Transforming Data Centers into Energy Assets
“Our current vision is the result of over a decade of research and a broad, collaborative effort,” says Coskun. “My PhD alum Daniel Wilson (PhD’24, ECE) and I began exploring commercialization through BU Spark!, where we conducted customer discovery and assessed technology needs. We also benefited from the guidance of Richard Stuebi, a Questrom lecturer with more than 35 years of energy industry experience, who is now an Emerald AI advisor.”
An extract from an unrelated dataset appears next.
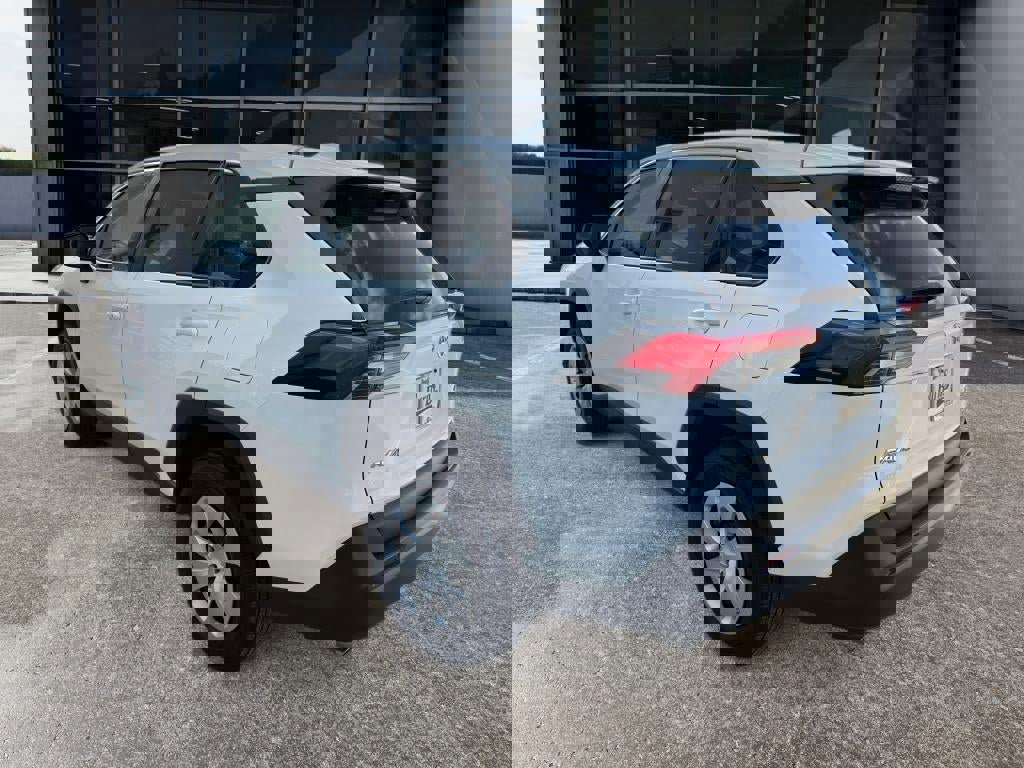 Used 2024 Toyota RAV4 LE image 4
Under Coskun’s technical leadership, the Emerald AI team is rapidly moving from research to real-world impact, proving that data centers can be both high-performance and grid-supportive. Currently, Emerald AI’s software platform is being demonstrated in field tests, working closely with state agencies and grid operators to fine-tune the technology. In a recent technology field test in Phoenix, Arizona, Emerald AI’s software was shown to reduce data center power usage by 25 percent while meeting flexible service level agreement (SLA) constraints during a period of peak electricity demand.
Emerald AI will be demoing in the Electric Power Research Institute’s (EPRI) DCFlex program, a three-year initiative aimed at balancing power system demands with the energy needs of large loads to alleviate the strain on the power grid. The program has 10 upcoming demos featuring different industry solutions for data center flexibility. Emerald AI’s involvement in the demonstration will showcase the potential of computational flexibility to address power grid needs. The results of the DCFlex program will guide the development of a framework for implementing operational flexibility.
“This is a paradigm shift—data centers are no longer passive energy hogs, but intelligent agents shaping the future of the power grid,” says Coskun. “We’re unlocking a new era where performance and sustainability go hand in hand. It’s incredibly exciting to see years of research now translating into real-world impact, helping build a more sustainable and resilient energy future.”